Человек этот, перед которым трепетала вселенная, всевластный судья жизни и смерти своих соотечественников, всегда окруженный толпами льстецов и обожателей, вдруг испытал на себе всю тяжесть колеса Фортуны, нежданно сбросившего его с небес на землю и вдавившего в грязь. Разом постиг он, что означает стать предметом общей ненависти и отвращения, всеобщей мести и злобы. Насмешки, побои, ярость и гнев толпы обрушились на него. Люди, еще несколько минут назад демонстрировавшие ему свое почтение, вдруг в ярости обрушивались на поверженного. Фаворит, казалось, словно громом пораженный, не замечал, что творится вокруг него, не понимал значения даже слов консула, повелевающего сойти ему с сенаторского места. Когда ему несколько раз повторили это повеление, он будто пробудился ото сна и произнес едва слышно: «Мне ли… мне ли вы все это говорите?..» Он встает, вновь овладевает собой и его уводят в тюрьму. По дороге тысячи и тысячи насилий, оскорблений и издевательств преследуют его со всех сторон. Римляне, воздававшие ему лживые хвалы, на этот раз втаптывали в грязь достоинство этого человека. Все несправедливо, нечестиво содеянное им сторицей возвращается к нему — все преступления, все жестокости, все злодейства. Его статуи сброшены с пьедесталов и разбиваются в прах. Желая прикрыть клочком изодранной тоги свой позор, он закрывает ею свое лицо, но его побоями принуждают удовлетворить сладострастное любопытство толпы.
В тот же день сенат собирается в храме Согласия, чтобы судить столь знаменитого и влиятельного преступника. Все единогласно приговаривают его к смерти, и казнь происходит незамедлительно[15], сразу по произнесении сенаторами слов приговора. Тело казненного, после того как народ достаточно насладился глумлением над ним, сбросили в Тибр. Все семейство Сеяна испытало на себе участь отца — дети его были казнены. Этой участи не избежала даже маленькая дочь Сеяна, не понимавшая, что происходит, всей глубины своего несчастья и все время со слезами на глазах спрашивавшая, за что ее, не совершившую никакого проступка, свойственного детям ее возраста, собираются наказать. «Если я виновата, — со всей силой детской искренности и непосредственности повторяла она, — обещаю никогда больше не совершать таких ошибок». Но никто не обратил внимания ни на слезы, ни на ее невинный возраст и, хотя это и было беспримерным по жестокости наказанием, девочка, не достигшая еще зрелого возраста, была подвергнута смертной казни, так что палачу, как полагали многие, пришлось сначала лишить ее девственности, чтобы потом с полным основанием задушить.
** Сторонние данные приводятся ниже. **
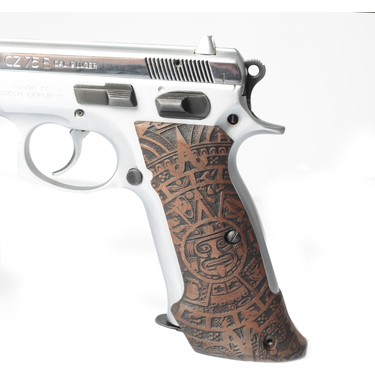 Cz 75B Atış Kabzesi Fiyatı, Taksit Seçenekleri ile Satın Al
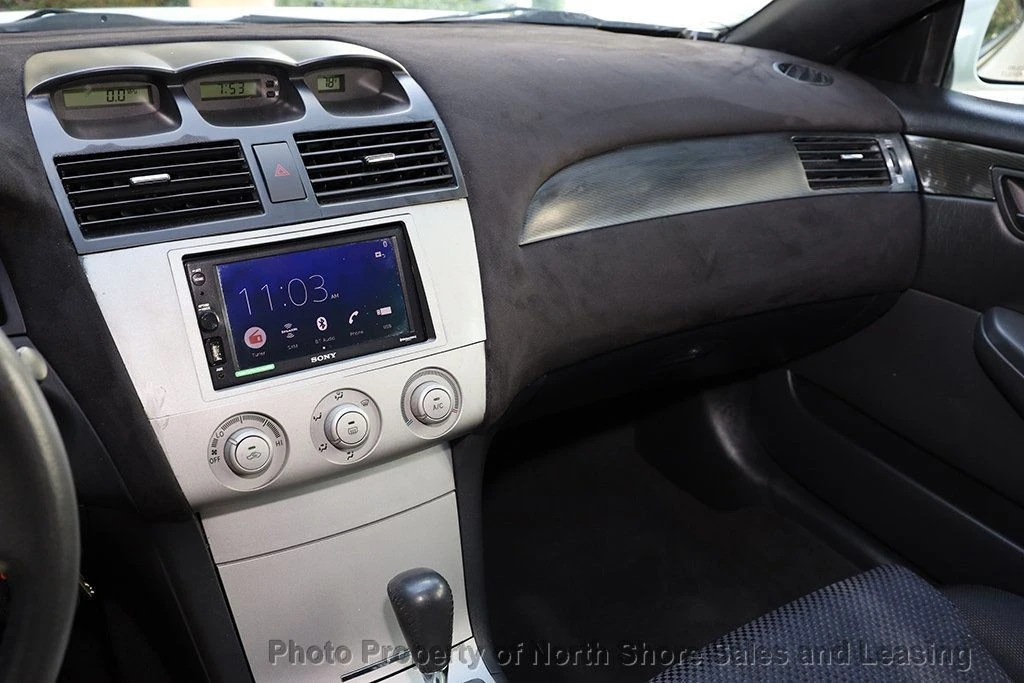 2005 Toyota Solara 2nd Gen - Image 10 of 12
Под властью императора Тиберия судьям даже в голову не приходило, произнося слова подобных приговоров, считать их жестокими или варварскими. Правда, сенаторы воспротивились смерти Апикаты, бывшей супруги Сеяна, уже несколько лет как изгнанной мужем из дома; однако судьба родных детей так глубоко потрясла ее, что несчастная в отчаянии сама наложила на себя руки.
Память Сеяна была предана проклятию самыми позорными, бесчестными и низменными декретами. И поскольку все его честолюбивые замыслы были приписаны тем необычным почестям и необыкновенному авторитету, которым он пользовался в дни своего могущества, специальным декретом сената было строго запрещено когда-либо и кому-либо из граждан даровать подобные. Клясться же отныне можно было лишь именем императора и его Гением.
Ужасный конец Сеяна должен служить уроком тем честолюбцам, которые добиваются высших постов одними лишь извилистыми и не всегда честными путями и обращают доверие, которым облекает их повелитель, во зло, желая не только однажды предать его самого, но и сделать его подданных самыми несчастными из смертных.